EXERCISE DATA -
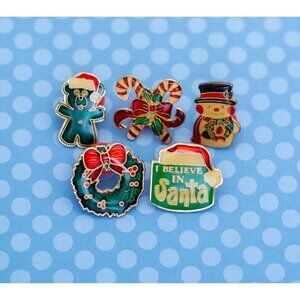 Vintage Minimalist Christmas Gold Tone 5 Piece Pin Lot-M10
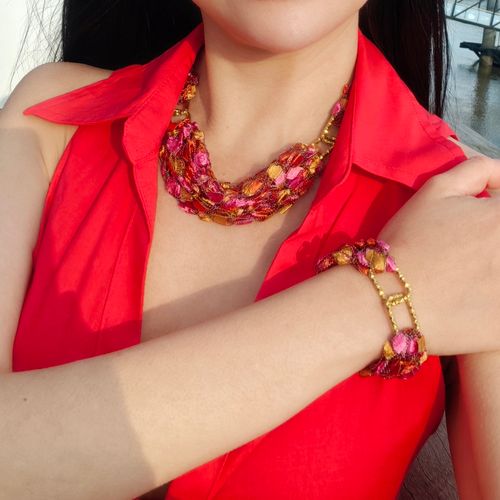 CHLOE TEQUILA FABRIC NECKLACE - HANDMADE IN LONDON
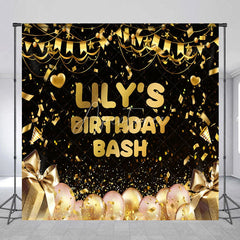 Aperturee - Aperturee Black and Gold Custom Birthday Backdrop with Confetti Balloons and Gift Boxes for a Personalized Celebration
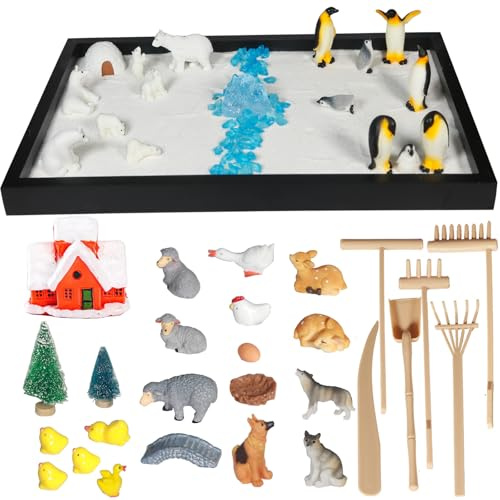 Decorative 47pcs 2-in-1 Penguin & Farm Animals Zen Sand Garden Kit, Mindfulness Relaxation Tabletop Therapy Set for Adults with Miniature Animals, Stress Relief Sandbox for Home Office Meditation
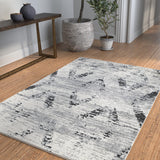 Ebony Tracks Gray and Black Polyester Area Rug  5x8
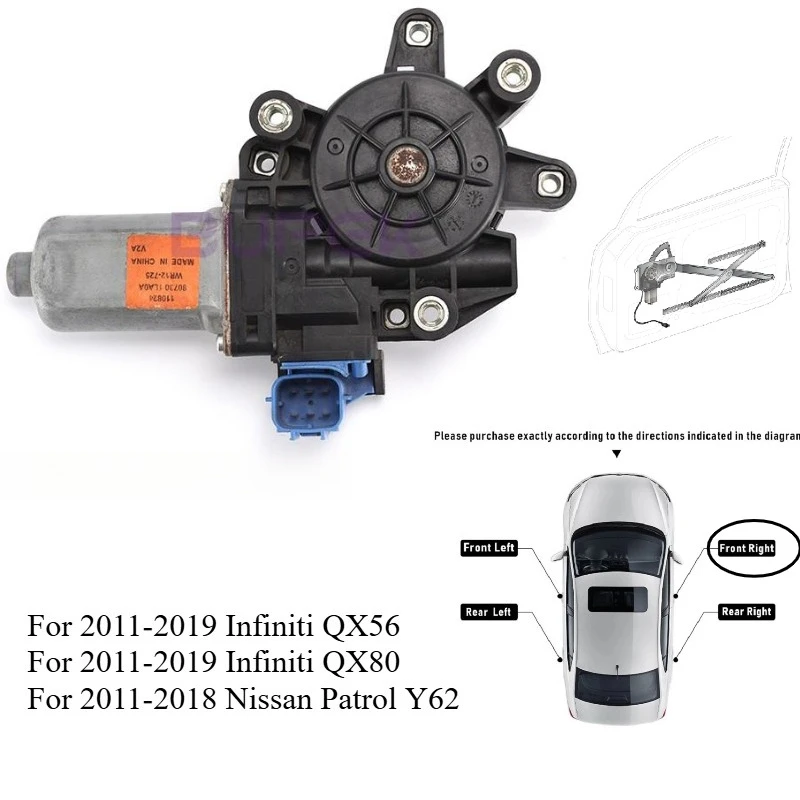 BUPEK محرك نافذة الطاقة الأمامي الأيمن لسيارة إنفينيتي QX56 QX80 باترول Y62 منظم الزجاج الكهربائي أجزاء عالية الجودة 80731-1LA0A #1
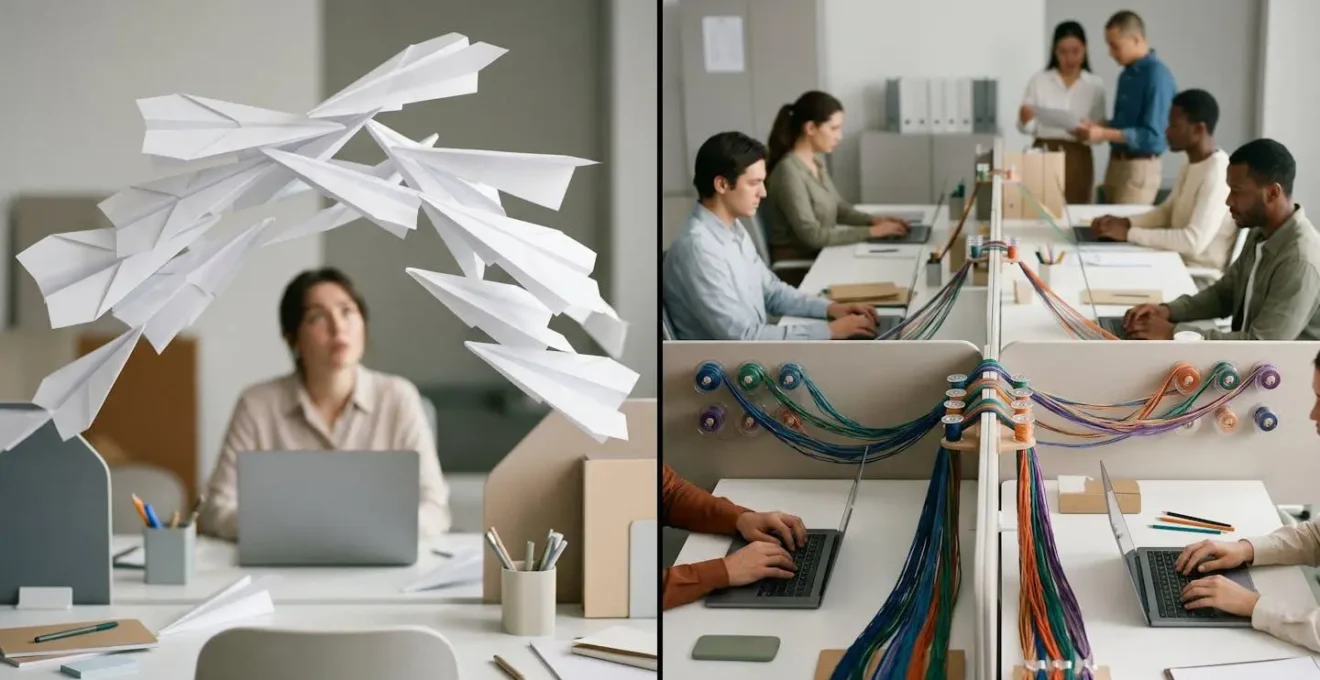 Professional team members collaborating through different communication channels in a modern workspace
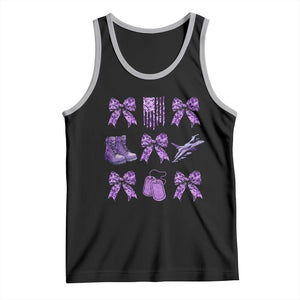 Military Kid Month Camo Coquette Bow Tank Top TS11 Black Athletic Heather Print Your Wear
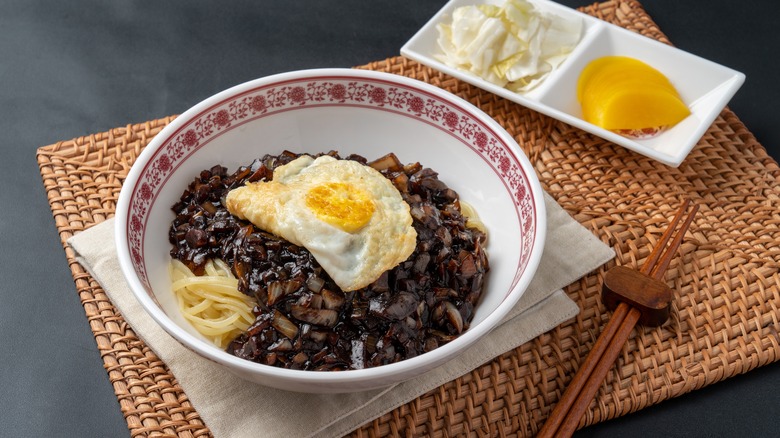 black bean sauce on noodles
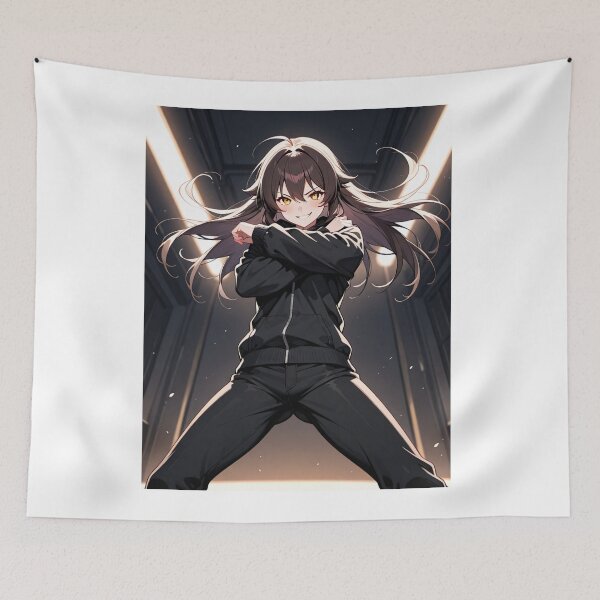 Item preview, Manga - Female Character in Action, Modern Cyberpunk Aesthetic designed and sold by AnimeShin.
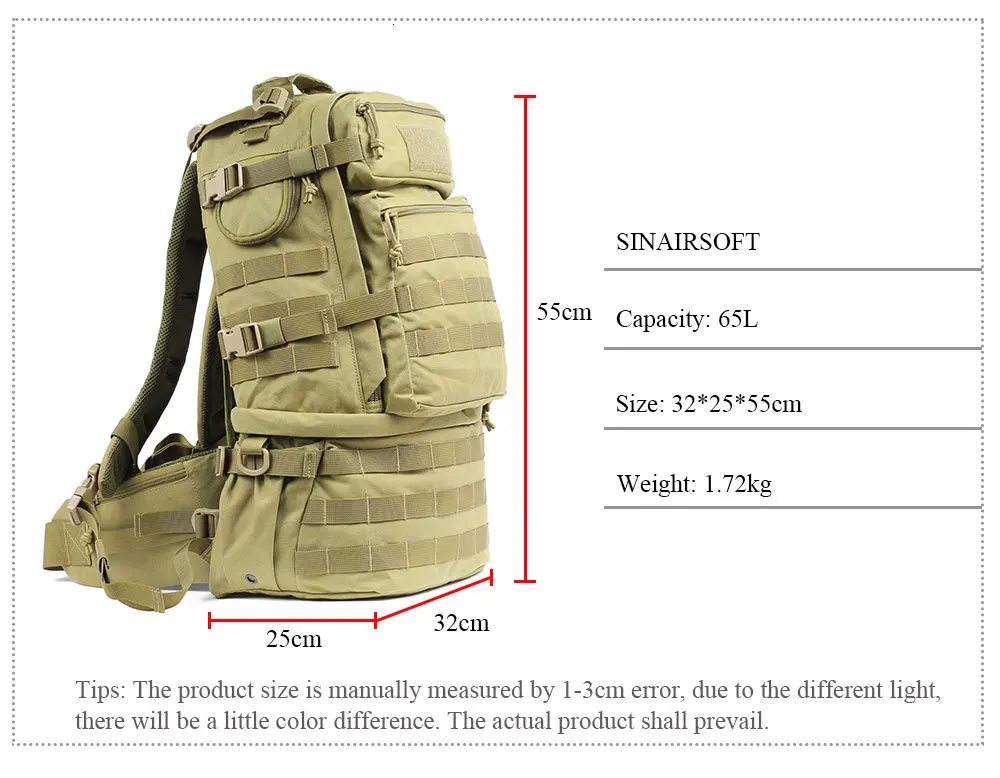 SINAIRSOFT 65L открытый полевой Многофункциональный тактический рюкзак ilitary Рыбалка водонепроницаемый Molle-Pack треккинг Охота-сумка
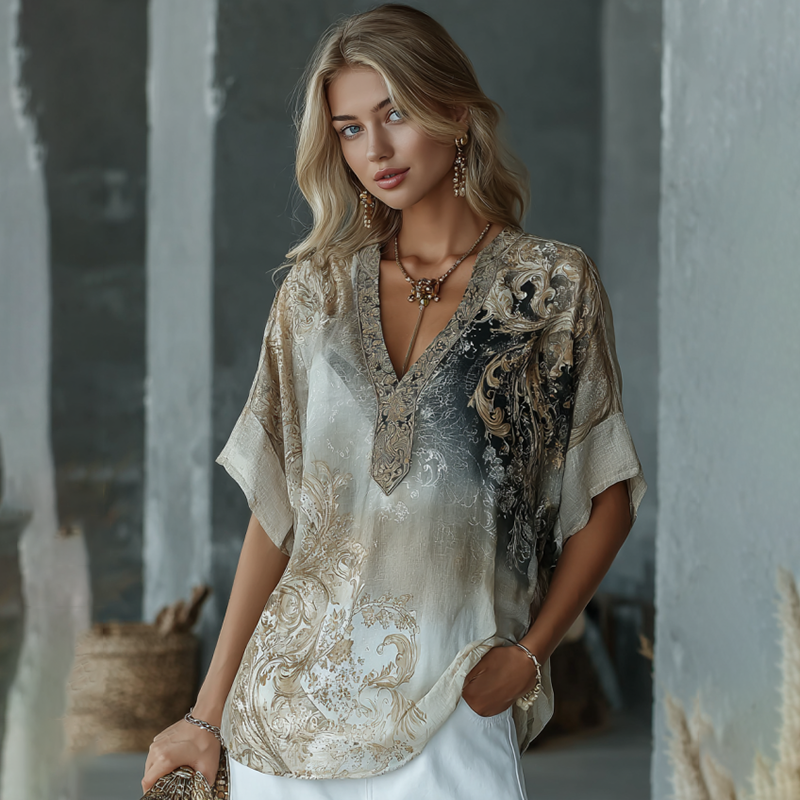 Vintage Marble Texture Collection Bohemia Women Style Gradient Black Gilded Pattern Linen V Neck T-shirt artswardrobe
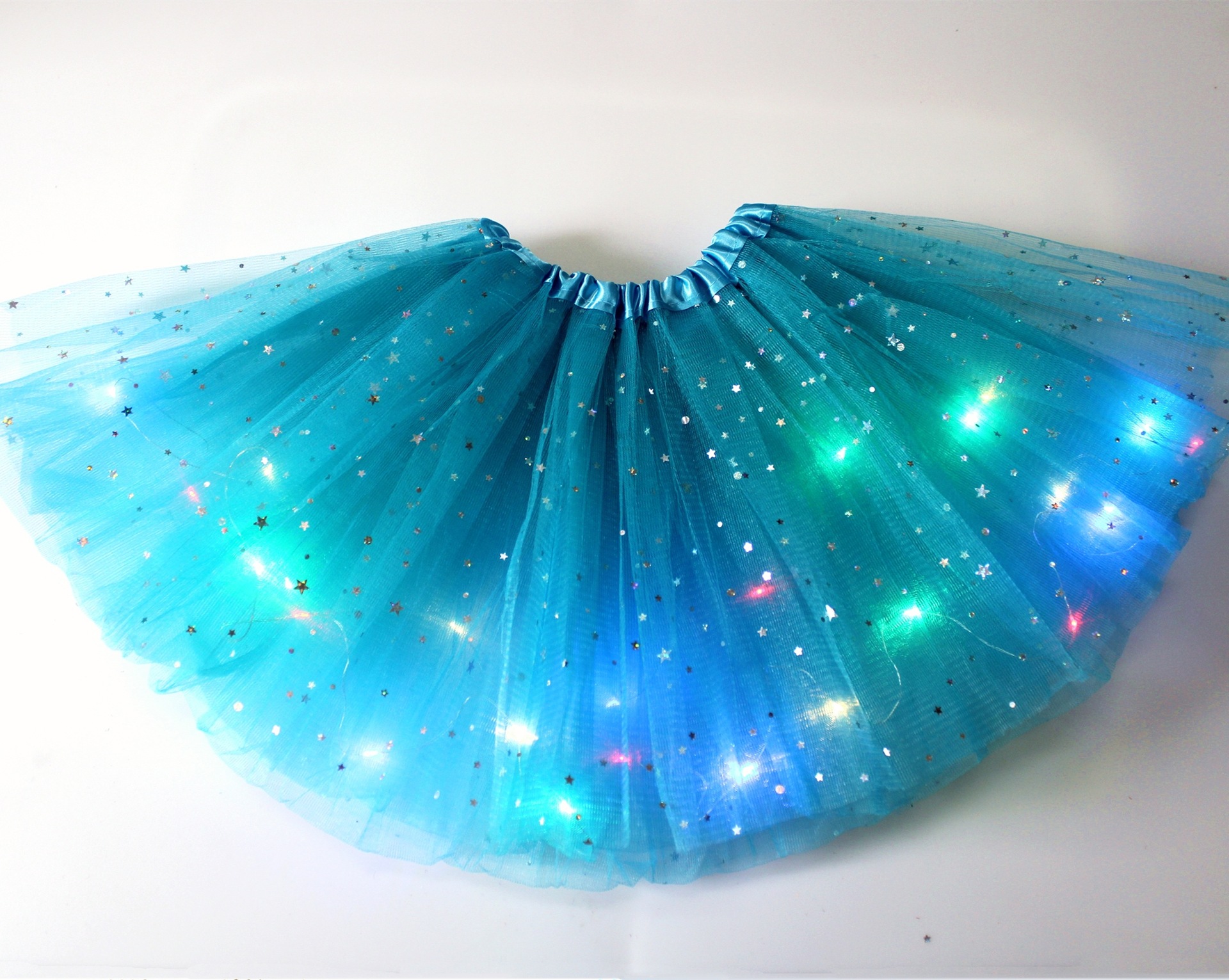 European and American new children's Sequin fluffy skirt Tutu Skirt luminous halflength gauze skirt led dancing star rabbit skirt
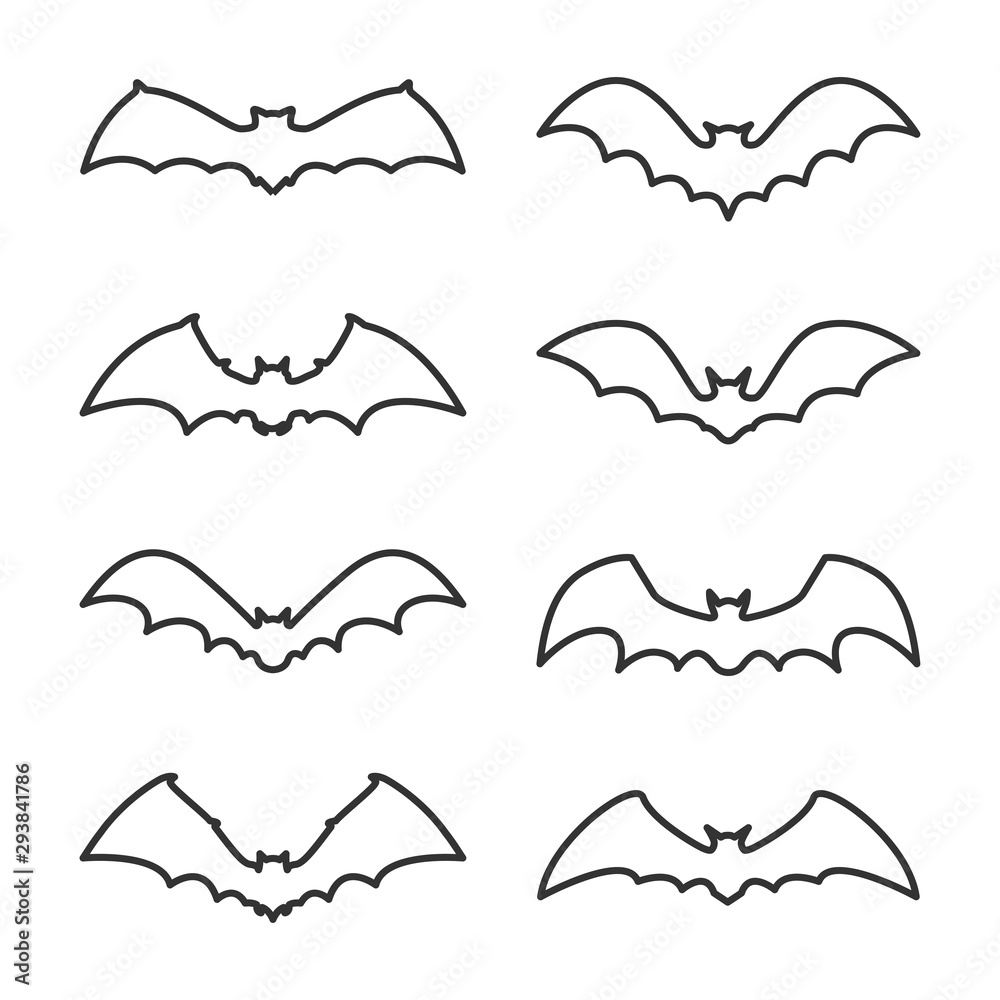 set of bat outline icons Stock Vector | Adobe Stock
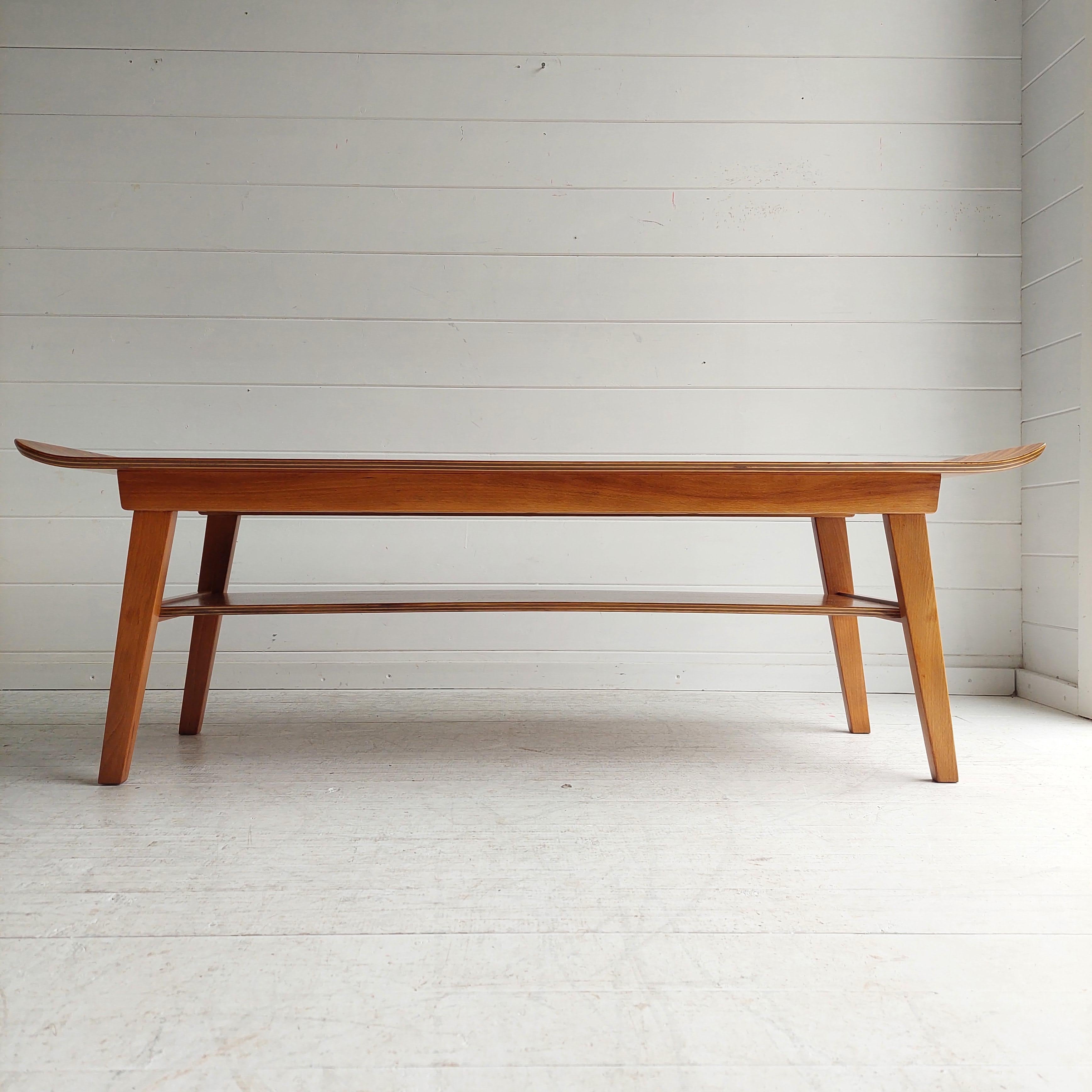 Mid Century Walnut 2 tier coffee table Ewart Myer for Horatio Myer and Co, 1960s 1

INSTRUCTIONS FOR THE TASK -
Each record above should be returned unchanged, except that the pictures are dropped.

PROBLEM SOLUTION -
 Vintage Minimalist Christmas Gold Tone 5 Piece Pin Lot-M10
 CHLOE TEQUILA FABRIC NECKLACE - HANDMADE IN LONDON
 Aperturee - Aperturee Black and Gold Custom Birthday Backdrop with Confetti Balloons and Gift Boxes for a Personalized Celebration
 Decorative 47pcs 2-in-1 Penguin & Farm Animals Zen Sand Garden Kit, Mindfulness Relaxation Tabletop Therapy Set for Adults with Miniature Animals, Stress Relief Sandbox for Home Office Meditation
 Ebony Tracks Gray and Black Polyester Area Rug  5x8
 BUPEK محرك نافذة الطاقة الأمامي الأيمن لسيارة إنفينيتي QX56 QX80 باترول Y62 منظم الزجاج الكهربائي أجزاء عالية الجودة 80731-1LA0A #1
 Professional team members collaborating through different communication channels in a modern workspace
 Military Kid Month Camo Coquette Bow Tank Top TS11 Black Athletic Heather Print Your Wear
 black bean sauce on noodles
 Item preview, Manga - Female Character in Action, Modern Cyberpunk Aesthetic designed and sold by AnimeShin.
 SINAIRSOFT 65L открытый полевой Многофункциональный тактический рюкзак ilitary Рыбалка водонепроницаемый Molle-Pack треккинг Охота-сумка
 Vintage Marble Texture Collection Bohemia Women Style Gradient Black Gilded Pattern Linen V Neck T-shirt artswardrobe
 European and American new children's Sequin fluffy skirt Tutu Skirt luminous halflength gauze skirt led dancing star rabbit skirt
 set of bat outline icons Stock Vector | Adobe Stock
 Mid Century Walnut 2 tier coffee table Ewart Myer for Horatio Myer and Co, 1960s 1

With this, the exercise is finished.